Anschlag auf Kirche in Kairo

Bei einem Bombenanschlag auf eine Kirche in der ägyptischen Hauptstadt Kairo sind am Sonntag insgesamt 25 Menschen getötet und mindestens 49 verletzt worden. Der Sprengsatz detonierte am frühen Morgen am Ende einer Messe nahe der für Frauen bestimmten Eingangstür der gut gefüllten Kapelle im zentralen Kairoer Stadtviertel Abbasseya und riss 18 Frauen und zwei Kinder mit in den Tod. Damit ist der Anschlag der schwerste gezielte Angriff auf die christlich-orthodoxe koptische Minderheit im Land seit Jahren (erschienen in junge Welt am 13.12.2016).

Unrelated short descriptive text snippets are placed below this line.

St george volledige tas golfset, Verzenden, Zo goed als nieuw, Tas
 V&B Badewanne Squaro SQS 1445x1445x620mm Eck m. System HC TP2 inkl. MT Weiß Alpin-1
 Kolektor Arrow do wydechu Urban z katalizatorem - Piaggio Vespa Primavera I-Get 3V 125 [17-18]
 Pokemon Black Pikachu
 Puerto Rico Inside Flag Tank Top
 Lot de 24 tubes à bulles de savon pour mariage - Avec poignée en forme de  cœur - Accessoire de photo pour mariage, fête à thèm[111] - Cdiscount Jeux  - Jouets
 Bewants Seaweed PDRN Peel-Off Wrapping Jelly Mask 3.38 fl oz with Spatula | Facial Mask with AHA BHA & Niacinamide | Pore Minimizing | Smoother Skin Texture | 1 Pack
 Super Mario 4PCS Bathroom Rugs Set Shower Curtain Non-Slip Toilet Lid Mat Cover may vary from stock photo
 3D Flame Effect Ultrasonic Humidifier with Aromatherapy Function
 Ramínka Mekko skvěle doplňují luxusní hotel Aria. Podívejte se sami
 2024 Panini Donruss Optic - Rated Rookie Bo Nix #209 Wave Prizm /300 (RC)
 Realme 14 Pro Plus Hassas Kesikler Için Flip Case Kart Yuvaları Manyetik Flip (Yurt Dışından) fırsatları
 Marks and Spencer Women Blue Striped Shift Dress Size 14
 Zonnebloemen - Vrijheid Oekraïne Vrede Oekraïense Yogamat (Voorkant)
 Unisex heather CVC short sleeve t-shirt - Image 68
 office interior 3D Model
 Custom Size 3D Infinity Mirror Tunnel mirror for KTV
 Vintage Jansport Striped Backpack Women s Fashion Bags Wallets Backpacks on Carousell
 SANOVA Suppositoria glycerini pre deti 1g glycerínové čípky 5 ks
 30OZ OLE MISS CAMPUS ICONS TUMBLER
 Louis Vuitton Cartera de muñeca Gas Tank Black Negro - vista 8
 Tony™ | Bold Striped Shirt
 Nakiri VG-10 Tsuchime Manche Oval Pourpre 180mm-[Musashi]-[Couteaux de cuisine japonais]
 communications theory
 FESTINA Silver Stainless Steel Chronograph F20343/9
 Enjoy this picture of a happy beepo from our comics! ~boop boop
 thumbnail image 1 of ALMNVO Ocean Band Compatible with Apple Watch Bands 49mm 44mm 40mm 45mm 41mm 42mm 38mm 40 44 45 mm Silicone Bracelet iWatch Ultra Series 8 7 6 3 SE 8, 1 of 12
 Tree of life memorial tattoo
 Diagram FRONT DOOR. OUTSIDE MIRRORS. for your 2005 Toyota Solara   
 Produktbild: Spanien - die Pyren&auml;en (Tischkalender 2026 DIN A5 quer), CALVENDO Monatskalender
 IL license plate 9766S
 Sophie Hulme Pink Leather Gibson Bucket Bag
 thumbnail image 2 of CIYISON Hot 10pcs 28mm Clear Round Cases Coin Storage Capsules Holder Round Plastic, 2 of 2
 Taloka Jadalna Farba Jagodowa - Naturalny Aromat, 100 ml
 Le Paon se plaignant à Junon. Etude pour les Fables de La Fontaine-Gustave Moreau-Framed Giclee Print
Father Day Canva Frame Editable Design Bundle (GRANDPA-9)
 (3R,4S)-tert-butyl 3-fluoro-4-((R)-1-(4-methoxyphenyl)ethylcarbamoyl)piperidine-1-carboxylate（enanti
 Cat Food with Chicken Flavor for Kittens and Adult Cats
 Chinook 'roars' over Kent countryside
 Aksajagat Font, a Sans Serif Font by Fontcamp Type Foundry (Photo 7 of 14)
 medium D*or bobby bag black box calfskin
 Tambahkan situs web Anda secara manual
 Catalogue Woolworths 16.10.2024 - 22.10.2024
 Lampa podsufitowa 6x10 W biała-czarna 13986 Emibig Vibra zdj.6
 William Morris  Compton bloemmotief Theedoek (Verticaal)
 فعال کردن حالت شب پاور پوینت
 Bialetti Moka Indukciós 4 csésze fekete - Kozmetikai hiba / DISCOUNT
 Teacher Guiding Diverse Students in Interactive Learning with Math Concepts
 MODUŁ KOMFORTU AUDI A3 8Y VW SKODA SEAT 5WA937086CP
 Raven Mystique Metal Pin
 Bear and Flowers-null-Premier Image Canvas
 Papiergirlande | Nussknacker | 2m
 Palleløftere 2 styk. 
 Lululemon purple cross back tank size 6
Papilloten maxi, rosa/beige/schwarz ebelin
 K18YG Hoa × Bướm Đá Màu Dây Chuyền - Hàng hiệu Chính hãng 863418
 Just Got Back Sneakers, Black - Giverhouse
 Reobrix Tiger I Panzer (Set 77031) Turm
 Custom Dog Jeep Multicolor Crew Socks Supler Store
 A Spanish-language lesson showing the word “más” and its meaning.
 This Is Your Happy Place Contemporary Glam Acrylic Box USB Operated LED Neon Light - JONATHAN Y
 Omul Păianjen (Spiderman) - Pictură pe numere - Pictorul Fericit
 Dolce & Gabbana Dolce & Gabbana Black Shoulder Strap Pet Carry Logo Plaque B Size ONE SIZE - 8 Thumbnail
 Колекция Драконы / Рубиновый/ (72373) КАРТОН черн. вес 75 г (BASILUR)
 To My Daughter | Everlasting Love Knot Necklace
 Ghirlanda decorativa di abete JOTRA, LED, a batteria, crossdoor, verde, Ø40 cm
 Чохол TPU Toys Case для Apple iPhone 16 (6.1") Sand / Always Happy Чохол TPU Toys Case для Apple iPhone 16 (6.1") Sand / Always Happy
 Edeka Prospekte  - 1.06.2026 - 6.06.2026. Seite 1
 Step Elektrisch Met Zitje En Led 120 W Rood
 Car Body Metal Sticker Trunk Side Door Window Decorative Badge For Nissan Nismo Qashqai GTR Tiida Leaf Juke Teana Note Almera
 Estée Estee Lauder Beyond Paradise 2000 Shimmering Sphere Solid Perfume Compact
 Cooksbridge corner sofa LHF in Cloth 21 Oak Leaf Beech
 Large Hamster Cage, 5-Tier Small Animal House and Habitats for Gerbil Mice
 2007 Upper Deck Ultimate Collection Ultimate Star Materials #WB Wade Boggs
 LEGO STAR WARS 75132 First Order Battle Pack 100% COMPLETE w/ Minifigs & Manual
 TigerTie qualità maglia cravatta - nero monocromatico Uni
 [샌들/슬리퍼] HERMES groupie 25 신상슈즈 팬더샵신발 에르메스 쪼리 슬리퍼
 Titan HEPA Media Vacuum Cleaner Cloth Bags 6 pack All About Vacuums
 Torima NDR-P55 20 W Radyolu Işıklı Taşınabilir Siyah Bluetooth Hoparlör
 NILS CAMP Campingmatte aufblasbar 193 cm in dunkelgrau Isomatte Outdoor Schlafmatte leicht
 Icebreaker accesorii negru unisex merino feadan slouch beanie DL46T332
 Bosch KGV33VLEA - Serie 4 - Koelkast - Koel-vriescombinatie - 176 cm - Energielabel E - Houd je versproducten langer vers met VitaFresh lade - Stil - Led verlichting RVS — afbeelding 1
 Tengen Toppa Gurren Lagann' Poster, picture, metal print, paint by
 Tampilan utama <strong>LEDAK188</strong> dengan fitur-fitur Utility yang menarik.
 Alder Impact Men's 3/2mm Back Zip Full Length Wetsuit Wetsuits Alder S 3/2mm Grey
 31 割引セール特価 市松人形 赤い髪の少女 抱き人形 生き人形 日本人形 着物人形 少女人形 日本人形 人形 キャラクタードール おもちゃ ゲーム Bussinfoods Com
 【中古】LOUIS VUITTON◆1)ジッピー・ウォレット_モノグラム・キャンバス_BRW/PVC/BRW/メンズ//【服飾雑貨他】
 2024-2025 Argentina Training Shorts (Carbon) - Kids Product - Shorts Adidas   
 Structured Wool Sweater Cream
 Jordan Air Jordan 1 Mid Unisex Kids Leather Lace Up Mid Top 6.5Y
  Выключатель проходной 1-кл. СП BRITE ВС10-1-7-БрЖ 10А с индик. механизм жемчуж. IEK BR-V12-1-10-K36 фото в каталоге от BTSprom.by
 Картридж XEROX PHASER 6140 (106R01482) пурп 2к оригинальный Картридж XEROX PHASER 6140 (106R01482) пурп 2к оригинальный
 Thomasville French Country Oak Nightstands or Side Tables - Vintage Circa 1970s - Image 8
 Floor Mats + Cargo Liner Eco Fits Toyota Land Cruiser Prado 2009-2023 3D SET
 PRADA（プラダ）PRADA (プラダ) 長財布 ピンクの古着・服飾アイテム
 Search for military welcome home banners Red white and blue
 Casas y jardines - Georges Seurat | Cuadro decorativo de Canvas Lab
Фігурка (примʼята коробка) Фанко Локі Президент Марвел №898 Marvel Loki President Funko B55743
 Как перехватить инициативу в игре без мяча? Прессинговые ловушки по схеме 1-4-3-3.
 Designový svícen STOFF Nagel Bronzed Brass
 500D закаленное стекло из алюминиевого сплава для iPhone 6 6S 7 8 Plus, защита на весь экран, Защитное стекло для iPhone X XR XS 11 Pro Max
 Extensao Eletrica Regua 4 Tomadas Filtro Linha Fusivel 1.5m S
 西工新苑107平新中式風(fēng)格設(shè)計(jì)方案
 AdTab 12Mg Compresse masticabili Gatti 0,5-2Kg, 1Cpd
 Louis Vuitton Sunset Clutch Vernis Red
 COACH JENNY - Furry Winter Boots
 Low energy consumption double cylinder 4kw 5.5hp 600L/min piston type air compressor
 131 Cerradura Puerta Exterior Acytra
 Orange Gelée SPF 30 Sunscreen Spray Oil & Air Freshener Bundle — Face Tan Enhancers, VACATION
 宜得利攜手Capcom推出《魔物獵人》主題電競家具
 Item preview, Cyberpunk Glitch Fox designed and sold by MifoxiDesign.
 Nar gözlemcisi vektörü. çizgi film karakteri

Die Fenster der Kirche der Heiligen Peter und Paul waren selbst im Dachgeschoss zersplittert, die Eingangstür herausgerissen, die Betonpfeiler im Inneren der Kirche rußgeschwärzt und Scherben im Umkreis von 20 Metern verteilt. Blutspuren und Kleiderreste fanden sich auch Stunden nach dem Anschlag noch im Gebäude und dem davor gelegenen Innenhof der Kirche, die unmittelbar neben der Markuskathedrale, dem größten und wichtigsten Gotteshaus der ägyptischen Kopten und dem eigentlich abgesicherten Amtssitz des koptischen Papstes Tawadros II, gelegen ist.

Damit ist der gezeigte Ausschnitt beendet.